When I decided to start writing about my newest business adventure in this blog it wasn't necessarily to create a tutorial on how to start a business; however, I think putting myself out there and blogging will help me to be more accountable and thorough.  If this also helps someone to venture into business ownership or start baking more or be motivated in some way then great!

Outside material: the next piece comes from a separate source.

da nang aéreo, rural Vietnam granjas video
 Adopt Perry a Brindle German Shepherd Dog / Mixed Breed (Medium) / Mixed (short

Here is a very rough outline of some basic concepts and steps to think about before starting a home-based baking business.  But, you can find a very thorough guide of how to start a small business in Pennsylvania here.
  •  What makes my product different from the competition?  Having a specialty or signature product will help distinguish yourself from your competitors. 
  • Selecting the kind of bakery... On-line, and baking from home or a commercial kitchen.*
  • Create a business plan, including goals, plan to generate revenue, list expenses, client base, examine competition.
  • Pricing my baked goods.**
  • Marketing, networking, branding, social media.
  • Focus on customers, ask for feedback, talk to customers, etc.
  • Grow and diversify.

* My parents decided to come out of retirement a couple of years ago to open a small Italian Restaurant called Sicilian Trattoria in Elkins Park, PA.  I try to help them out as much as possible.  I bake some of their desserts, serve tables when I can, among other things.  In order to help with food safety I took an accredited class; and I now have my ServSafe Food Protection Manager Certification.  My Certification is valid through April 2020.  When I start getting orders I will be able to use a licensed commercial kitchen for my baking. 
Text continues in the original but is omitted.